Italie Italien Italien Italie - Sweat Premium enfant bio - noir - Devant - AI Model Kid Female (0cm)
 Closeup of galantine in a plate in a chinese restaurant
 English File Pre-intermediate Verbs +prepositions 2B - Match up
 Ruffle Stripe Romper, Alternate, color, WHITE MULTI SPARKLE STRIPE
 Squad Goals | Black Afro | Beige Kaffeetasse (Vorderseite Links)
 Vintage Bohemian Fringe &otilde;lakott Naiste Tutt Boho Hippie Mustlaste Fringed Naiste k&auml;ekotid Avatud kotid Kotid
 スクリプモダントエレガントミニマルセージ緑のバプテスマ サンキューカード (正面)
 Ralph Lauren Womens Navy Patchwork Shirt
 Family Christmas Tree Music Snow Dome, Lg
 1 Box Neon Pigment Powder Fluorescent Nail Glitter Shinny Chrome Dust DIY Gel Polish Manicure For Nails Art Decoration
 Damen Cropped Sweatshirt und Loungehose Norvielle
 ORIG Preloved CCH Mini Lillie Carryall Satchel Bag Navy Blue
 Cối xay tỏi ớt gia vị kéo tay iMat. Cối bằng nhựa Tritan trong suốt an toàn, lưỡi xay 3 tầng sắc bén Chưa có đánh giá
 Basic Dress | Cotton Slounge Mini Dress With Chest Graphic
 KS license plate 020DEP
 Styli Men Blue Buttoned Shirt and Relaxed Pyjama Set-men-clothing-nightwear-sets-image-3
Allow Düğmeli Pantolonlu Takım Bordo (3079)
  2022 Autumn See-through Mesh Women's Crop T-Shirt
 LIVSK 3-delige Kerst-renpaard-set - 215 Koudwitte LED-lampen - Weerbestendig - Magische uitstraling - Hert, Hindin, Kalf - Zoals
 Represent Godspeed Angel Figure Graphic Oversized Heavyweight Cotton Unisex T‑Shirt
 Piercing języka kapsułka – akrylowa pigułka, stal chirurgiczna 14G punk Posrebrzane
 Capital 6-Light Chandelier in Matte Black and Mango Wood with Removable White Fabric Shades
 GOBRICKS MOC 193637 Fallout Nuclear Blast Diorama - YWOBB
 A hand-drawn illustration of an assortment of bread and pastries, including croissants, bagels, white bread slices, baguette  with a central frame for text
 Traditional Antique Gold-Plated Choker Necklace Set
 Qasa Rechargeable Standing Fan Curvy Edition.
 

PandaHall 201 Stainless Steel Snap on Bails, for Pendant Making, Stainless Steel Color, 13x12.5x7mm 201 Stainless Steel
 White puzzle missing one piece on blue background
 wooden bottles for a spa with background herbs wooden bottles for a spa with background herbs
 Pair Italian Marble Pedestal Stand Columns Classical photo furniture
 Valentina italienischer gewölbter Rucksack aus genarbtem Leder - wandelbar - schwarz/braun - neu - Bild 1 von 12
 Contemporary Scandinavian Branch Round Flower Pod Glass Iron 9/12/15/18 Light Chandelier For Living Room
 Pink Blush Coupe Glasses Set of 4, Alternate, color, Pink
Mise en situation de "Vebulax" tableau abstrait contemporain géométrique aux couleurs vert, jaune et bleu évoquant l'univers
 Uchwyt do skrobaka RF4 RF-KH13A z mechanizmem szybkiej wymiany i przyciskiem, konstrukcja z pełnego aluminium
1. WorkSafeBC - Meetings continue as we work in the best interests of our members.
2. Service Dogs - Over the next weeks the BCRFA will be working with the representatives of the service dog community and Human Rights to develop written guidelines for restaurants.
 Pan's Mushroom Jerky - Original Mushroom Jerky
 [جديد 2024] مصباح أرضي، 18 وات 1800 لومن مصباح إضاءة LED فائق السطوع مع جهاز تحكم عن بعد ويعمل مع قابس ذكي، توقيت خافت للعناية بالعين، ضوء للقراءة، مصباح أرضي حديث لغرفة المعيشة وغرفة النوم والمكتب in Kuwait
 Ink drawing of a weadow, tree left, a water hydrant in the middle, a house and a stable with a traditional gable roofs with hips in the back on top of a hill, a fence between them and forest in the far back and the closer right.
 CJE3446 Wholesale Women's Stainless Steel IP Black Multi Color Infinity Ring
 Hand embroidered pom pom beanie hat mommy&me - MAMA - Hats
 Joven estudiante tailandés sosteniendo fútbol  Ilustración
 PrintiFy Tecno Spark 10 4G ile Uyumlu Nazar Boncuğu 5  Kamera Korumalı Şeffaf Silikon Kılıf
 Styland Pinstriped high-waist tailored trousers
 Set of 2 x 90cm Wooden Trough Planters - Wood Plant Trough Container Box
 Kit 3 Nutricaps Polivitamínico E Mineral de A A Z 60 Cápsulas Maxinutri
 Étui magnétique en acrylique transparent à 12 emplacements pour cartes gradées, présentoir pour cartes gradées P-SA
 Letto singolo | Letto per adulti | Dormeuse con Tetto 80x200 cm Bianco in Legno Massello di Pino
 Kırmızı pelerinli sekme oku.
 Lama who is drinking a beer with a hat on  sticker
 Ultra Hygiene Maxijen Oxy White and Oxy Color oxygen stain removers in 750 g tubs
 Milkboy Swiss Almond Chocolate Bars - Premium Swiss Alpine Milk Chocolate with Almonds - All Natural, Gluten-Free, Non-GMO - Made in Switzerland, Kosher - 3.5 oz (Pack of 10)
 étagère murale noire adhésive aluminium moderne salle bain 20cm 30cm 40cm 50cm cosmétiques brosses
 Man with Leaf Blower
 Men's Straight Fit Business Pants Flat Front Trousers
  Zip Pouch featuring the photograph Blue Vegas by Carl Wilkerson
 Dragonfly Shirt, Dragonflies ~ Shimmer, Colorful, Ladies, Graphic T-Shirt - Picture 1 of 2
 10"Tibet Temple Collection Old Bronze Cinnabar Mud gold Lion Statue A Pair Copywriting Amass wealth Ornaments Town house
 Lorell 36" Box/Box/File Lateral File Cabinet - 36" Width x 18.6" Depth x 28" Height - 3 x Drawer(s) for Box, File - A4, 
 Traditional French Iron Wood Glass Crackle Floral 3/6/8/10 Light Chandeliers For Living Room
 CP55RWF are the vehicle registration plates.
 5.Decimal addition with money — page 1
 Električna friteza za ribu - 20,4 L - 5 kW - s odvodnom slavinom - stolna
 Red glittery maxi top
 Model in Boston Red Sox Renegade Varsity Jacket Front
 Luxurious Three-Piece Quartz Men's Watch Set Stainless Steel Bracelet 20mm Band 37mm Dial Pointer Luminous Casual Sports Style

- - - - -

Required action >>
Only the lines above from the one with "Milkboy Swiss Almond" up to and including the one with "Model in Boston" should be repeated, exactly as written.

Task result >>
 Milkboy Swiss Almond Chocolate Bars - Premium Swiss Alpine Milk Chocolate with Almonds - All Natural, Gluten-Free, Non-GMO - Made in Switzerland, Kosher - 3.5 oz (Pack of 10)
 étagère murale noire adhésive aluminium moderne salle bain 20cm 30cm 40cm 50cm cosmétiques brosses
 Man with Leaf Blower
 Men's Straight Fit Business Pants Flat Front Trousers
  Zip Pouch featuring the photograph Blue Vegas by Carl Wilkerson
 Dragonfly Shirt, Dragonflies ~ Shimmer, Colorful, Ladies, Graphic T-Shirt - Picture 1 of 2
 10"Tibet Temple Collection Old Bronze Cinnabar Mud gold Lion Statue A Pair Copywriting Amass wealth Ornaments Town house
 Lorell 36" Box/Box/File Lateral File Cabinet - 36" Width x 18.6" Depth x 28" Height - 3 x Drawer(s) for Box, File - A4, 
 Traditional French Iron Wood Glass Crackle Floral 3/6/8/10 Light Chandeliers For Living Room
 CP55RWF are the vehicle registration plates.
 5.Decimal addition with money — page 1
 Električna friteza za ribu - 20,4 L - 5 kW - s odvodnom slavinom - stolna
 Red glittery maxi top
 Model in Boston Red Sox Renegade Varsity Jacket Front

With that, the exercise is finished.